Posts Tagged ‘blood’

Swollen Streams of Blood

Thursday, July 5th, 2007

This morning, I’ve been reading a bit about the Battle of Chalons, where of Attila and his army of Huns fought and lost against a combined force of Romans and Visigoths in the year 451. Considered one of the bloodiest battles in history, with one contemporary historian reporting the tally of dead at 165,000 and another recording that it was a whopping 300,000. Romans, barbarians and Huns. Spears, arrows, axes and swords. Blood, guts, dismemberment, grevious wounds and death. A king, trampled under the hooves of his own men’s horses. The field, “piled high with corpses”. They just don’t fight battles like they used to these days. Pussies.

Entirely truthful or not, I absolutely love this description by the historian Jordanes of the sheer volume of gore:

“For, if we may believe our elders, a brook flowing between low banks through the plain was greatly increased by blood of the slain. It was not flooded by showers, as brooks usually rise, but was swollen by a strange stream and turned into a torrent by the increase of blood.

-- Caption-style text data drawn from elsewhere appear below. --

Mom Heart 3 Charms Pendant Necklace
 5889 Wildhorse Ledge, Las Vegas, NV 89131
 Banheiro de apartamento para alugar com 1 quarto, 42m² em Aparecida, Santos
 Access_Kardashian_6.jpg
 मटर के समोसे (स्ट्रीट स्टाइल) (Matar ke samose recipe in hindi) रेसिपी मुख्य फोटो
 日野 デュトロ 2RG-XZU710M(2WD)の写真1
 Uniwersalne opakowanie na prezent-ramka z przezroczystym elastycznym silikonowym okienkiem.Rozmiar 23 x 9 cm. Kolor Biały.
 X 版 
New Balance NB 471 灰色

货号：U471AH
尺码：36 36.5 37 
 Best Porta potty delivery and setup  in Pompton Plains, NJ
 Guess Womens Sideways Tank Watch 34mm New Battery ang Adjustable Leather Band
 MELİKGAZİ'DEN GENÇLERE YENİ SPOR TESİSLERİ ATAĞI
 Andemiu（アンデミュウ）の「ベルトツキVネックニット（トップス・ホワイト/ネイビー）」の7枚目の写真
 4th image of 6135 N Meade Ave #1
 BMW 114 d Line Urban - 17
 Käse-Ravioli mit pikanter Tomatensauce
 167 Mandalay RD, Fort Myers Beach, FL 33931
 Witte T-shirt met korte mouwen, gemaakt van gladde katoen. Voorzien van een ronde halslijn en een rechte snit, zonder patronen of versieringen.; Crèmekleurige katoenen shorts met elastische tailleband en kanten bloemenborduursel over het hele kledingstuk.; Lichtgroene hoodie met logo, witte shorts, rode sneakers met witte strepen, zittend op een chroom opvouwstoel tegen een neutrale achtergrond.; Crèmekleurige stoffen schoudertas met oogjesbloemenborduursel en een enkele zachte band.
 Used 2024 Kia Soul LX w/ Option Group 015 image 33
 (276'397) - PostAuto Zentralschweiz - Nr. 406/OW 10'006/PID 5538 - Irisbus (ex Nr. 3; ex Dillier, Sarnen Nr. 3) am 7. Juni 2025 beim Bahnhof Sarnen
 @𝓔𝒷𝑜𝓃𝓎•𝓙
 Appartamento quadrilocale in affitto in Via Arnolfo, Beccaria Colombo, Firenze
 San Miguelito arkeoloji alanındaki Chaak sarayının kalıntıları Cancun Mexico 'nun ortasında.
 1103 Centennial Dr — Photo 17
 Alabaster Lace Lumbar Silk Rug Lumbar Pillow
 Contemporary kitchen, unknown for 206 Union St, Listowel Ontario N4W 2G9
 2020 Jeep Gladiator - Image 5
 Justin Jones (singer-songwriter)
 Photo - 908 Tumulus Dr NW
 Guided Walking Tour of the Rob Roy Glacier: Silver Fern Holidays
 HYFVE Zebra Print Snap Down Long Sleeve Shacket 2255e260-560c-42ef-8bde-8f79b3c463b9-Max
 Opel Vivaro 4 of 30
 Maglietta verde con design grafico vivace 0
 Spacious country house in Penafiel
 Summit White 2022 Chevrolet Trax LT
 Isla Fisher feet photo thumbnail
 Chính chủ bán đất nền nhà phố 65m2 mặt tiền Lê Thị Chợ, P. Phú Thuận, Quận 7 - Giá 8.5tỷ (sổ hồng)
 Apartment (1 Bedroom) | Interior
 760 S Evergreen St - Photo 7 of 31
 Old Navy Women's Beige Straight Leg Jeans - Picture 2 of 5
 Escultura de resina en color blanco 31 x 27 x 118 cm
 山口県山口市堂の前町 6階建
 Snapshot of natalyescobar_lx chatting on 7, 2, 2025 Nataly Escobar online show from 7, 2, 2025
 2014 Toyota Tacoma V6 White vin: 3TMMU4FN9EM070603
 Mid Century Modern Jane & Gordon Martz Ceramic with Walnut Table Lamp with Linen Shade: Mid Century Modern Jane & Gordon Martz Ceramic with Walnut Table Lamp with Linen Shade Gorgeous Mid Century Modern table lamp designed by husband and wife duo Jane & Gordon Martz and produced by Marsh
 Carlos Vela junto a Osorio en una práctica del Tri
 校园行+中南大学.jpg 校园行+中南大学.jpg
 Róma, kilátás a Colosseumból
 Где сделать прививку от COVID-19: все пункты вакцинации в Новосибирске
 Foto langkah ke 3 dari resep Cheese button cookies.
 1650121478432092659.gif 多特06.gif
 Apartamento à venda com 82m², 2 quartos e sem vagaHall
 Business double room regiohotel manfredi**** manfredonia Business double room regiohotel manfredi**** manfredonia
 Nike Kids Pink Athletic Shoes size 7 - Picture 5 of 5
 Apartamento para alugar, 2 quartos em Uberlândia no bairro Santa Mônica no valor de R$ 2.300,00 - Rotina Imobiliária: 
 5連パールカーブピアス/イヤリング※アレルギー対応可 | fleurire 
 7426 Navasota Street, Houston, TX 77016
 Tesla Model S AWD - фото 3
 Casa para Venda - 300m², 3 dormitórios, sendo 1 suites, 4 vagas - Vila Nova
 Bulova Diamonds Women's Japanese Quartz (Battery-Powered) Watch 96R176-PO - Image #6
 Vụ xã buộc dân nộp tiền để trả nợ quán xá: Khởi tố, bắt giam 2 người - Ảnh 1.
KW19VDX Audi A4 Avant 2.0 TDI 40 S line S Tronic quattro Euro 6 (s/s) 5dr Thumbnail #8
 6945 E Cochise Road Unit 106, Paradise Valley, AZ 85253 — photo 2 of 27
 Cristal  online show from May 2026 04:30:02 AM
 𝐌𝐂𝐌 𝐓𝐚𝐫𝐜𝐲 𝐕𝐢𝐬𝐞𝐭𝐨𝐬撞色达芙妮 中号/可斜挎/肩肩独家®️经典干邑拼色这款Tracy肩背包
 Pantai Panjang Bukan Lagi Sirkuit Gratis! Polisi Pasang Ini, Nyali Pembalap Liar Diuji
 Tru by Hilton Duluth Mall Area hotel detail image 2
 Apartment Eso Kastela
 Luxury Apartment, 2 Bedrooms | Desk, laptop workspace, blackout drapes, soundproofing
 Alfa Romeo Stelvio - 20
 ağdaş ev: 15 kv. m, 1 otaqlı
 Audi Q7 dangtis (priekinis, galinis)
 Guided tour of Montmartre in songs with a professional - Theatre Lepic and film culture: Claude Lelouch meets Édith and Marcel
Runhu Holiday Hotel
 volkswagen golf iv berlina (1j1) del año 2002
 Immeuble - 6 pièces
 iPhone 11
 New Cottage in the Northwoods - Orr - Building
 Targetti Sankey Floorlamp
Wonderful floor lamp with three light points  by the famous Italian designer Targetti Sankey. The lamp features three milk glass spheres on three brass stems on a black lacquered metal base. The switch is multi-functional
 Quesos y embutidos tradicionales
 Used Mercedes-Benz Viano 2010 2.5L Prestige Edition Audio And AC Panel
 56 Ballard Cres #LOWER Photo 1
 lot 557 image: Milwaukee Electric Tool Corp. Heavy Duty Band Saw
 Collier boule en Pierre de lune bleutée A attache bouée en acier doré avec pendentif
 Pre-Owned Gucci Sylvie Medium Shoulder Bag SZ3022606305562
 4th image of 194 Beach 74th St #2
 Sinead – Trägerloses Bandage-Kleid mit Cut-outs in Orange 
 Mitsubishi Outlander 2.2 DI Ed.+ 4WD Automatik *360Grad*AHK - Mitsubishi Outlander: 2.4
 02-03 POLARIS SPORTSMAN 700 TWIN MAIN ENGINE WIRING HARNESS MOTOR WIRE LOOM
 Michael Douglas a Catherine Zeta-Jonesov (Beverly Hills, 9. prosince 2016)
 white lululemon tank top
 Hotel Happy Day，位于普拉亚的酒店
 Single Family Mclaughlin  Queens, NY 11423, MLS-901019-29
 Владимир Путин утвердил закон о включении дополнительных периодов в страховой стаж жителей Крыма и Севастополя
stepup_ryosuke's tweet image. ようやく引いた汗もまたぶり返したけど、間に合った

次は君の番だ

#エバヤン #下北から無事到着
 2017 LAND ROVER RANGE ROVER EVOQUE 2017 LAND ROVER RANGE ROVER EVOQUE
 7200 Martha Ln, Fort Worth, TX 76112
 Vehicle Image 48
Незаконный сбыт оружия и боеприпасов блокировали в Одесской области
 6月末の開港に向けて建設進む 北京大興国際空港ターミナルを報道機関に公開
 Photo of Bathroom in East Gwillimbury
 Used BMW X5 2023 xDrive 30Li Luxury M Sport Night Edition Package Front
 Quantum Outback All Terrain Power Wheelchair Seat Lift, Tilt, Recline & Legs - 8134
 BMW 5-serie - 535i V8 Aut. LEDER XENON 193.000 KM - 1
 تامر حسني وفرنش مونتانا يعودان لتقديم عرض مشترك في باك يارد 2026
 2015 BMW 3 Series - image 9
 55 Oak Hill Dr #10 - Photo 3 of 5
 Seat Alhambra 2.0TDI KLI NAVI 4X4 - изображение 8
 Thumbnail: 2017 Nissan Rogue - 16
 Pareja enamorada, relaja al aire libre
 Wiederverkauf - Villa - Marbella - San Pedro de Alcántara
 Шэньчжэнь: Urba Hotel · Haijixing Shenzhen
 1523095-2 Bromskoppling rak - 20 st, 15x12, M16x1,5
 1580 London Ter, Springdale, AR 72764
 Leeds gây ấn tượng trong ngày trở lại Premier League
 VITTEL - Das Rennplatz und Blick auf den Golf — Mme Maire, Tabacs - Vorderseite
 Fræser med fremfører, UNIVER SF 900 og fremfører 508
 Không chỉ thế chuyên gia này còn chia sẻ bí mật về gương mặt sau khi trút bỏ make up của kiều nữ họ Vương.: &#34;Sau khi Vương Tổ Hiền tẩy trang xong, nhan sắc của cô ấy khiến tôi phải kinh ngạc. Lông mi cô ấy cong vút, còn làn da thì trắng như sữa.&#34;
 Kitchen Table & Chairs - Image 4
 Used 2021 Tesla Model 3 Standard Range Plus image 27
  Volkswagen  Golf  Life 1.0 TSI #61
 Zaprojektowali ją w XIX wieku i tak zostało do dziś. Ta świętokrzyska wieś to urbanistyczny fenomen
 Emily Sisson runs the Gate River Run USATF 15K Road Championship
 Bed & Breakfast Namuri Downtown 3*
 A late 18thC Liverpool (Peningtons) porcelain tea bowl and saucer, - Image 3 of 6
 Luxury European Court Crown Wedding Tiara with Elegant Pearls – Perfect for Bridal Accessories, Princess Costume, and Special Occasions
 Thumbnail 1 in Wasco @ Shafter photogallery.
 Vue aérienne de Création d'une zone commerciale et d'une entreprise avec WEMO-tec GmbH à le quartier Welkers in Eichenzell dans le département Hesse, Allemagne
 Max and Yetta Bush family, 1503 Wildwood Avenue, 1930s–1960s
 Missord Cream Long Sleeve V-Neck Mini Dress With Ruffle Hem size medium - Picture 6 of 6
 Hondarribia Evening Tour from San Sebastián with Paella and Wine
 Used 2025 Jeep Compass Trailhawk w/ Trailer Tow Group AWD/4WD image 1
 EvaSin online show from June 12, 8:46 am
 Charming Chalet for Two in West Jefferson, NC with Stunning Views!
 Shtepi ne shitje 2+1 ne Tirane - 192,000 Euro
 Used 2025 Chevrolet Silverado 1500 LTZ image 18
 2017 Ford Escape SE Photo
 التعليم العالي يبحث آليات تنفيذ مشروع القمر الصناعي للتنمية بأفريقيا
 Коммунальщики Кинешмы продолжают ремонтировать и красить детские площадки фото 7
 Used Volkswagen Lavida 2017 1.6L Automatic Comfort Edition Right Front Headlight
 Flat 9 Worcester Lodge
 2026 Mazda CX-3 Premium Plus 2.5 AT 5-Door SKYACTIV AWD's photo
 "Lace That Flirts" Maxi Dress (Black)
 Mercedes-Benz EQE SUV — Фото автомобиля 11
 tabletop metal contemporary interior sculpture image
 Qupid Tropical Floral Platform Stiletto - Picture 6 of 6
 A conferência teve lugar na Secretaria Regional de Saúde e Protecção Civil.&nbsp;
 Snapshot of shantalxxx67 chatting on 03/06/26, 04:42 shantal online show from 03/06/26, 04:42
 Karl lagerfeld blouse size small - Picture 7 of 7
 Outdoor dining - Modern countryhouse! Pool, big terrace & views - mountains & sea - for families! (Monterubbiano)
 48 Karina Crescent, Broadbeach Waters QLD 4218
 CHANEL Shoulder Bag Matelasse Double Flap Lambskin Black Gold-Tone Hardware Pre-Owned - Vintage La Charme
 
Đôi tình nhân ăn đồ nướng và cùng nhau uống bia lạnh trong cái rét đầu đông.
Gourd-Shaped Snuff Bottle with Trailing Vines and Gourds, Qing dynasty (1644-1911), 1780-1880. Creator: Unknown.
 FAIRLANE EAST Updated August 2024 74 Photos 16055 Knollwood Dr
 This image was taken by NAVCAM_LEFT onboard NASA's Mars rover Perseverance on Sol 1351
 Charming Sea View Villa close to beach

Those whose wounds drove them to slake their parching thirst drank water mingled in gore. In their wretched plight they were forced to drink what they thought was the blood they had poured from their own wounds.” [Link]

This one, by Damascius, while fanciful, is kind of cool as well:

“…[The fighting was so severe] that no one survived except only the leaders on either side and a few followers: but the ghosts of those who fell continued the struggle for three whole days and nights as violently as if they had been alive; the clash of their arms was clearly audible.”

Bathed in blood

Monday, June 18th, 2007

The taurobolium was the practice of sacrificing a bull to the gods (usually Magna Mater and Attis) in ancient Rome.

“A man descends into a pit or trench, wearing a toga of which one fold covers his ribbon-adorned head. The pit is covered with an openwork platform or flooring with many holes in it. A bull is then brought and its chest hacked with blows from a spear.”

The huge wound spouts a flood of hot blood…which seethes in all directions…Through the countless channels provided by the perforations a stinking torrent falls. The priest enclosed in the pit gets the full force of it, exposing his befouled head to every drop; his robe and his whole body reek. Worse is to come! He tilts his head backwards, exposing his cheeks, his ears, his lips and nostrils, even his eyes. Without sparing his palate, he soaks his tongue in it, until his whole body is impregnated with this horrible, dark blood.” (Prudentius, Peristaphanon, X, 1028-40).

“The victim is removed, the cover taken off, and the ‘the pontiff, dreadful to see’ is extracted from the pit. He is hailed ‘with the idea’ that vile blood…has purified him while he was hidden in these shameful depths.’…in the Roman era the process consisted of being immersed in the spilt blood in order to identify oneself ritualistically, though imaginarily, with the victim. It was a substitution sacrifice. Inscriptions inform us that the slaughtered bull’s testicles were cut off and buried beneath an altar, just as the vires [meaning nutsack] of the castrated galli were ritually interred. [Link]

There’s actually a scene in the awesome, but cancelled HBO television show, Rome, where Attia of the Julii participates in the ceremony and is suitably doused.

Bathed in the blood of a bull, mouth and nose filled—just completely saturated in gore. That must have been one hell of a visual.

Fuck flowers. Give me goat’s blood!

Tuesday, February 14th, 2006

So today may be Valentine’s Day, the world’s lamest holiday to throw money away on, but you may or may not know that this stupid-ass card and candy exchanging day was originally a replacement for a Roman holiday called Lupercalia.

To quote Wikipedia:

The religious ceremonies were directed by the Luperci, the “brothers of the wolf”, priests of Faunus, dressed only in a goatskin. During Lupercalia, a dog and two male goats were sacrificed. Two patrician youths were anointed with the blood, which was wiped off with wool soaked in milk, after which they were expected to smile and laugh. The Luperci afterwards dressed themselves in the skins of the sacrificed goats, in imitation of Lupercus, and ran round the Palatine Hill with straps, cut from the skins, in their hands. These were called Februa. Girls would line up on their route to receive lashes from these whips. This was supposed to ensure fertility.

Let’s see… You got goat killing, dog sacrificing and pouring blood over rich young men. There’s some dairy in the mix, nothing wrong with that… Next you’re dressing the bloody dudes in goat costumes, forcing them to laugh and smile while they whip young women with animal skin. Hmmm.

Now that sounds like a fucking holiday.

Why on earth are people still sending cards, buying flowers and [gags on vomit] going to church on this day, when you could be covered in blood, whipping some chick? Where the fuck have our values and priorities gone?